------ Input material
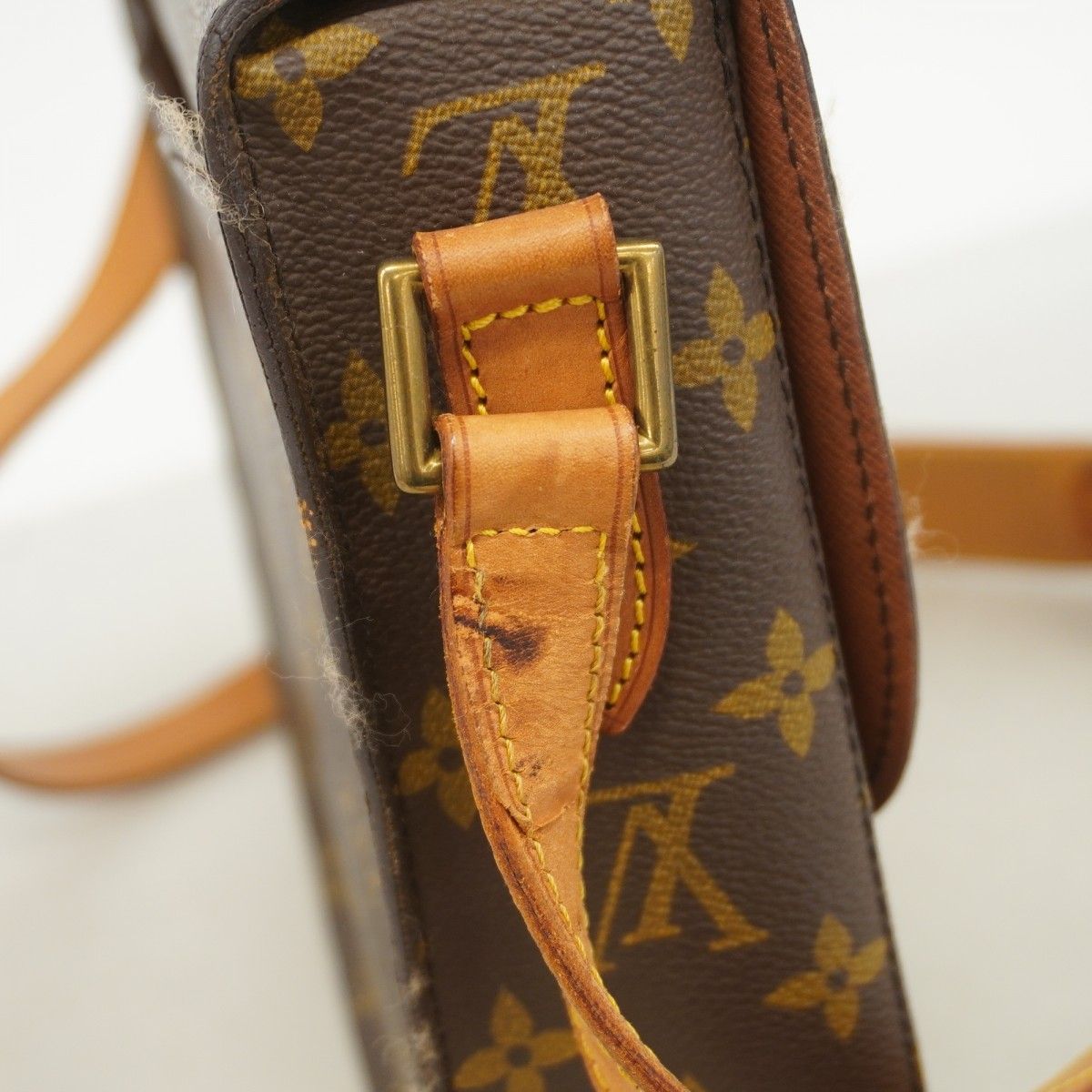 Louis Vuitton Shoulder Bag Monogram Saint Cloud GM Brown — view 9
------------
------ Input material
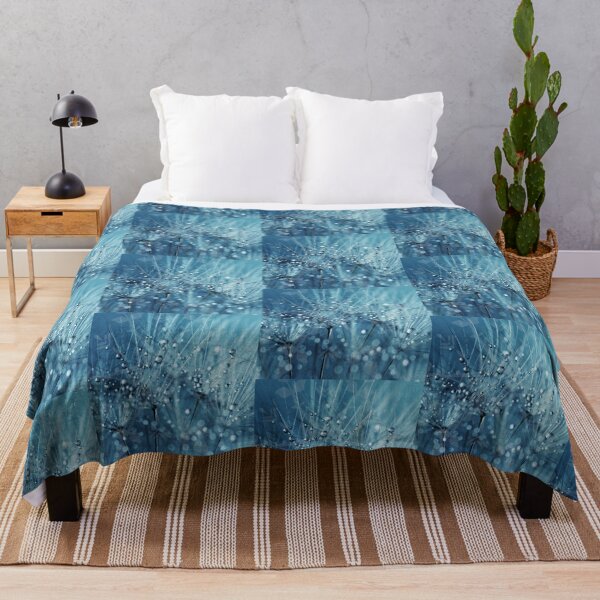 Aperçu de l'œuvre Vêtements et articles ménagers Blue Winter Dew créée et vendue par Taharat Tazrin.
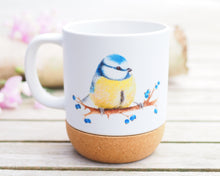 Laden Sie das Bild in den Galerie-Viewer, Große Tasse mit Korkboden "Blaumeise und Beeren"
------------
------ Input material
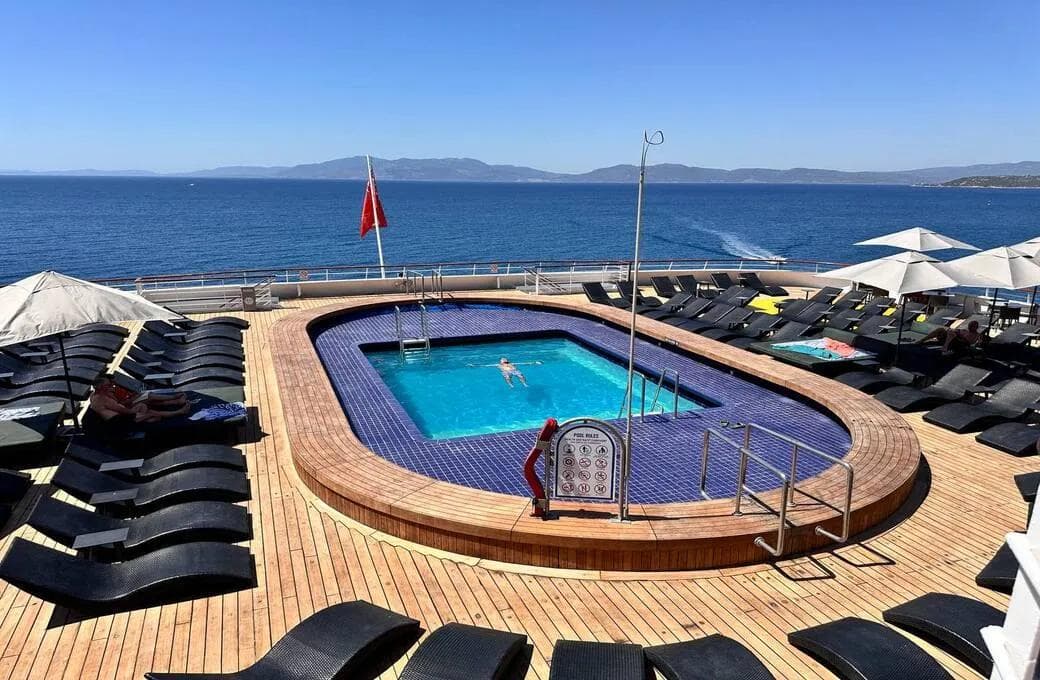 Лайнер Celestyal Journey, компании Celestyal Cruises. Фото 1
------------
## [Your objective]
Go back to the listing above and reproduce, exactly, the stretch from the line bearing "Aperçu de l'œuvre" through the line bearing "Laden Sie das", without its pictures.

## [Response area]
 Aperçu de l'œuvre Vêtements et articles ménagers Blue Winter Dew créée et vendue par Taharat Tazrin.
 Laden Sie das Bild in den Galerie-Viewer, Große Tasse mit Korkboden "Blaumeise und Beeren"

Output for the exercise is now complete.